Çok iyi organize edilmiş, oldukça başarılı bir sergi. Böyle bir festivalin bir parçası olmak, benim gibi bir fotoğrafçının onur duyacağı bir şey. Başarı vesaire değil bu, küratörler projelere baktılar ve dört-beş portfolyo arasından benimkini de seçtiler. Zaten sergi de şehirler ve hikâyeleri hakkında olduğu için konsepte uygundu. Bu proje ilk kez bir sergide yer alıyor, bunu söylemek istiyorum. Başka sergilerim oldu ama bu projem internet ortamındaydı. Daha önce, Toronto’dan ayrılmadan evvel bir gün boyunca sergilenmişti. Yedi ay birlikte çalıştığım sokaktakiler, benim için bir veda partisi düzenlemişlerdi. Aralarında müzisyenlerin de olduğu büyük bir partiydi. Buna karşılık, ben de onlara bu çalışmamın sergisini düzenleyeceğimi söyledim. 100 fotoğrafı büyüterek bir duvara astım, orada kendilerini görmeleri için. Sadece bir günlüktü ve sadece onlar içindi. Onlar ve diğer sokakta yaşayan insanlar için...

  • Veda gecesi nasıldı?

Harika. O akşam da bazı fotoğraflar çektim. Eğlenceliydi, ama ondan da önemlisi, benim için çok “saygılı” bir veda gecesiydi. 37 yıl orada yaşadıktan sonra, sokakta yaşayan insanlar tarafından benim için bir veda partisi düzenlenmesi, çok güzel bir duyguydu... İçlerinden gelmişti bu fikir. Hatta sigara ve bıyığımı öne çıkartan karikatürümü yaparak afişler bile hazırladılar; Toronto’nun merkezindeki tüm sokaklara asmışlardı. Karşılıklı bir sevgiydi bu. Ben de onları çok seviyordum, halen seviyorum, fakat iletişimimiz koptu maalesef...

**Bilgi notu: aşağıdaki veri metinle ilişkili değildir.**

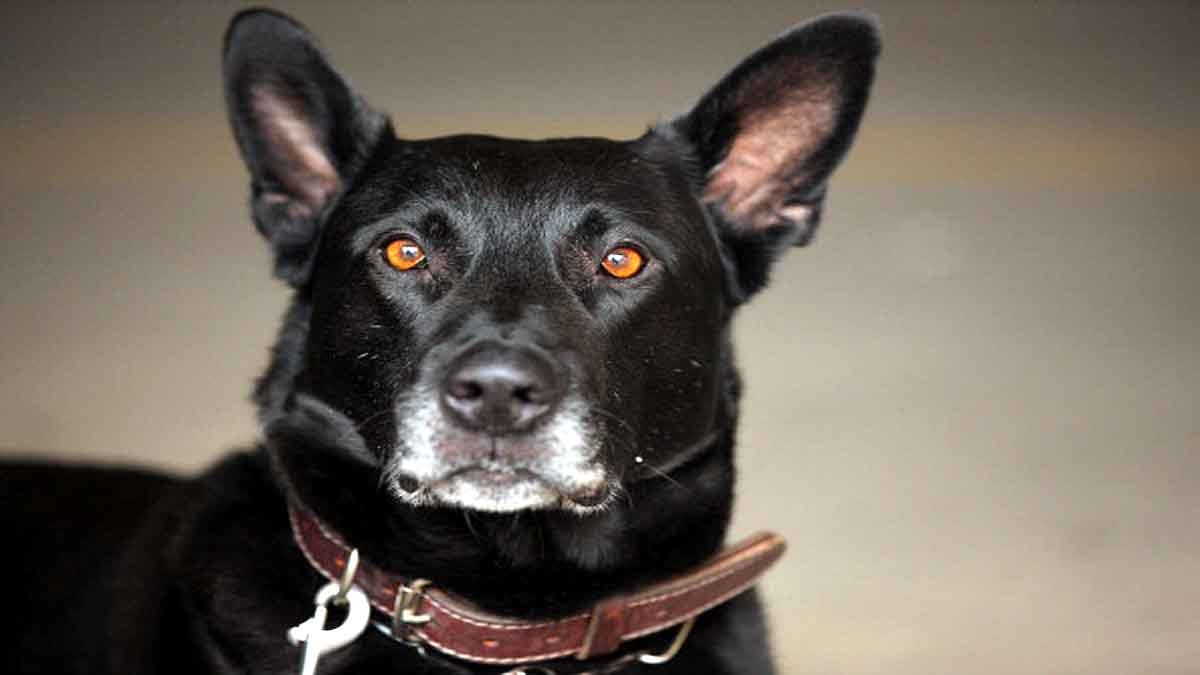 Trained Dog Pee Coronavirus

  • Fotoğrafçılığa nasıl başladınız?

Ben fotoğrafçılığa geç başladım. Diğerleri gibi, 10 yaşında gözümü fotoğrafçılığa açacak kadar şanslı olamadım. 1990’da başladım, 24 yıl oluyor. Sadece dört yıldır buradayım, ama Toronto’da fotoğrafçı olarak anıldığım 20 yıl boyunca, buradaki kadar saygı görmediğimi söylemeliyim. Benim gibi bilinmeyen bir fotoğrafçıya buradakilerin gösterdiği saygı, İstanbul’daki fotoğraf çevresinin ilgisi, çok güzeldi. Toronto’da 20 yıl boyunca tanışmadığım kadar çok, temiz kalpli ve iyilik dolu insanla karşılaştım burada, dört yıl içinde. Yine söylüyorum, bilinmeyen bir fotoğrafçıyım. Toronto’dan geldiğimde kimse bana “Berge Arabian burada” demedi. Bu benim İstanbul’daki ilk sergim. Zaten pek sergilere de katılmıyorum. Daha ziyade sessiz bir çalışma benimkisi; büyük bir arşivim var, fakat galeri ya da küratör peşinde koşmaya enerjim yok, bunlar büyük işler benim için. Fakat ne zaman fotoğraf çekiyorum, o zaman mutlu oluyorum. Fotoğraf çektikten sonraki işler, çok zor geliyor bana.